|
|
Machine Learning Algorithm
|
The algorithm used to create the model for handwriting identification using training data employed a machine learning algorithm Support Vector Machines (SVM). SVM is a supervised learning method that employs both classification and regression.
Support vector machines map input vectors to a higher dimensional space where separating hyperplanes can be constructed to section off each a particular set of data points. The region bounded by these hyperplanes defines the range of values for each classification. A property of these hyperplanes is that they maximize the distance between two parallel hyperplanes which empirical classification error and maximizes the geometric margin. An example in 2 dimensional space (2 attributes) can be seen below.
In the case of this research, there was originally 248 attributes which was then filtered down to 35 of the most distinctive attributes so that attributes that resulted in no gains or even loses in accuracy would not be present to detriment the model. We also used feature space normalization and second power hyperplanes.

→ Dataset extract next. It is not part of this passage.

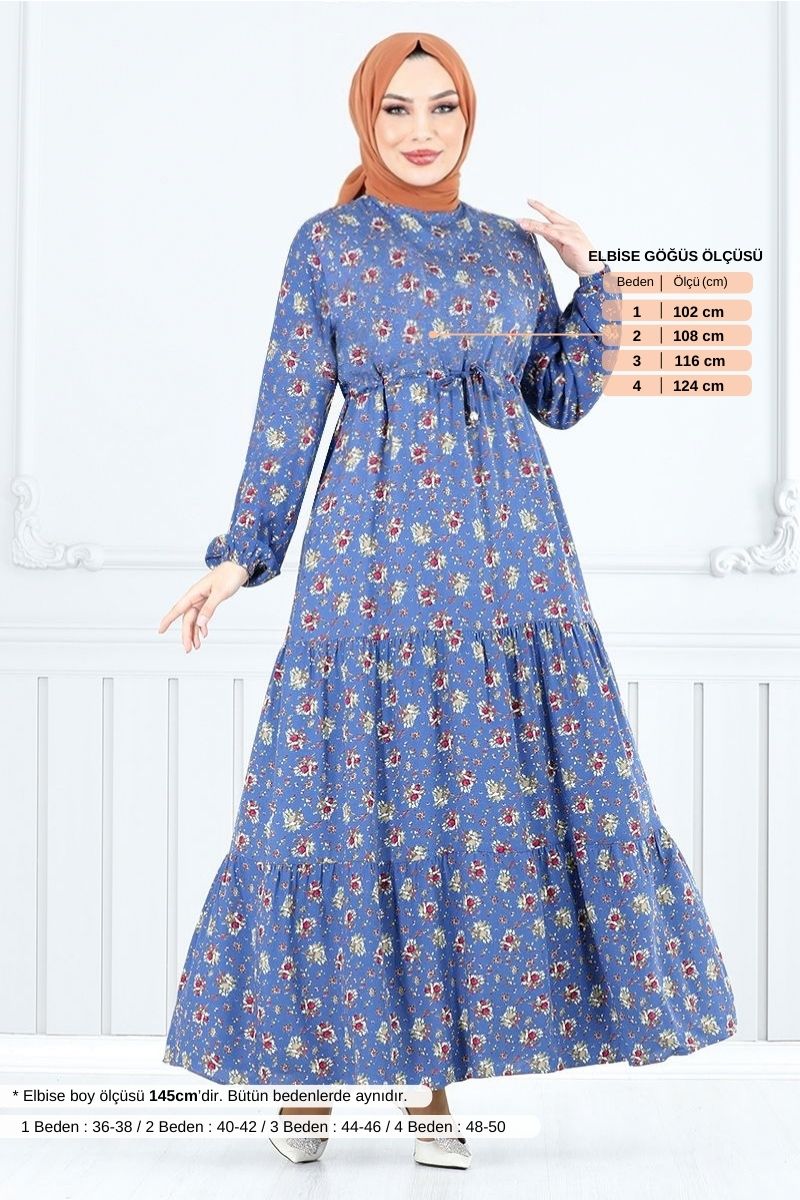 Beli Tünelli Elbise 810OZR1047-M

For more information on SVM please check out the Wikipedia page.
|
How was it used?
|
The machine learning algorithm, SVM, was employed in 2 ways throughout the project. During initial development and proof of concept stages of the project a generalized machine learning tool called Weka was used. Weka was initially used as it supports a wide variety of different machine learning algorithms, from decision trees, bayes tests, regression models, and SVM. It allowed for feature seletion of the data to filter out those identifiers that increase model performance and those that could have potentially damaged it. It also allowed for clear analysis of model performance and easy model and algorithem optimization to find the best model for the situation. Weka allowed us to optimize and choose a final algorithm to use in further research of the problem.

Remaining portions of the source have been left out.